Welcome to your deep dive into the world of Lakehouses with Apache Iceberg! 🚢❄️
In this hands-on workshop, we’ll build our own mini data lakehouse. We’ll be ingesting data from a REST API, writing it into Iceberg tables, and exploring how everything is tied together with a catalog. Let’s go! 🧙📊
In this workshop we'll be using uv package manager for managing the Python environment. It's a fast Python package and project manager, written in Rust.
If you don’t have it yet, install it with:
pip install uv
or
# On macOS and Linux.
curl -LsSf https://astral.sh/uv/install.sh | sh
# On Windows.
powershell -ExecutionPolicy ByPass -c "irm https://astral.sh/uv/install.ps1 | iex"

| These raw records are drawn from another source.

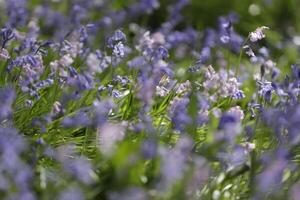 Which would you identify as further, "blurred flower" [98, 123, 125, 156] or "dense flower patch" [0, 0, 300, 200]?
"blurred flower" [98, 123, 125, 156]

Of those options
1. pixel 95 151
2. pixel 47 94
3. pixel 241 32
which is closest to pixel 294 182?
pixel 95 151

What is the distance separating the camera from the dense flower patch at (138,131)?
8.31 ft

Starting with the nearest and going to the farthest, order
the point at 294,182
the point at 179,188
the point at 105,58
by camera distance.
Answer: the point at 179,188 < the point at 294,182 < the point at 105,58

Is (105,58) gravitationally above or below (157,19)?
above

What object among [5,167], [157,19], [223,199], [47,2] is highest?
[5,167]

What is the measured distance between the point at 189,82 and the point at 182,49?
88.4 inches

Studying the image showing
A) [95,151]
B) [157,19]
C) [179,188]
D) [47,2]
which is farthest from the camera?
[157,19]

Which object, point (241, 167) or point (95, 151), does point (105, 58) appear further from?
point (241, 167)

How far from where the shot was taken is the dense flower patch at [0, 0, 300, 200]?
8.31ft

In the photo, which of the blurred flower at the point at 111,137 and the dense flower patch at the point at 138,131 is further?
the blurred flower at the point at 111,137

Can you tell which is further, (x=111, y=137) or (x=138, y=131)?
(x=138, y=131)

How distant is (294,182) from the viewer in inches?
122

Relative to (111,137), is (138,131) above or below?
below

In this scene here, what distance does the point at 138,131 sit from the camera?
3.32 meters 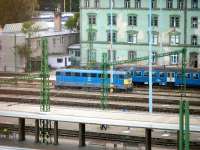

Once that’s done, setting up your whole dev environment is as simple as:
make dev
❗ Don't have make
? No worries – just run the full installation command below:
uv sync --reinstall-package dlt --upgrade-package dlt --reinstall-package dlt-plus --upgrade-package dlt-plus --all-extras --group dev --no-managed-python
Let’s start ingesting data into our data lake! 🎉
But before we jump into configuring our API source, here's a quick intro to what kind of project we’re actually working with.
This workshop is powered by a dlt+ Project, which gives you a declarative and structured way to build data workflows.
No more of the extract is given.